For the Red Curry Almond Butter Sauce:
- ¼ cup almond butter
- 1 teaspoon curry paste (or more if you like it spicy)
- 2 tablespoons tamari
- 1 teaspoon white miso paste
- 1 teaspoon ginger, minced or grated
- 2 limes
- 1 Tablespoon rice vinegar
- 1.5 lbs zucchini, spiralized or cut into noodles
- 1 tbsp sesame oil
For the Zucchini Noodles:
- 1 cup frozen shelled edamame
- Pepper flakes, optional
- Chopped cilantro for topping
- Chopped almonds, cashews or sesame seeds for topping
- Add zucchini noodles to a colander, salt liberally and toss well.

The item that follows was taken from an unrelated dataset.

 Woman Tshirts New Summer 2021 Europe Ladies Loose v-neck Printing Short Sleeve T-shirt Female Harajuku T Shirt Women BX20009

Set aside to draw out some of the moisture.
- In a medium mixing bowl or blender, combine almond butter, curry paste, tamari, miso, ginger, lime juice, and rice vinegar. Use an immersion blender if you have one to combine the sauce well. Add water, one tablespoon at a time, until the sauce blends smooth, rather than thick. Adjust seasoning with salt to taste.
- Heat the sesame oil in a large frying pan. Transfer the zucchini noodles to a clean dish towel and wring out as much water as possible over the sink. Add the noodles to the hot pan, reduce heat to medium, and sauté until heated through, about 5 minutes.
- Cook the edamame according to package instructions, using a microwave or pot of boiling water.
- Combine the cooked zucchini noodles with the sauce and edamame. Top with chopped cilantro, crunchy nuts of your choice, red pepper flakes if you like it spicy and season to taste with salt and pepper.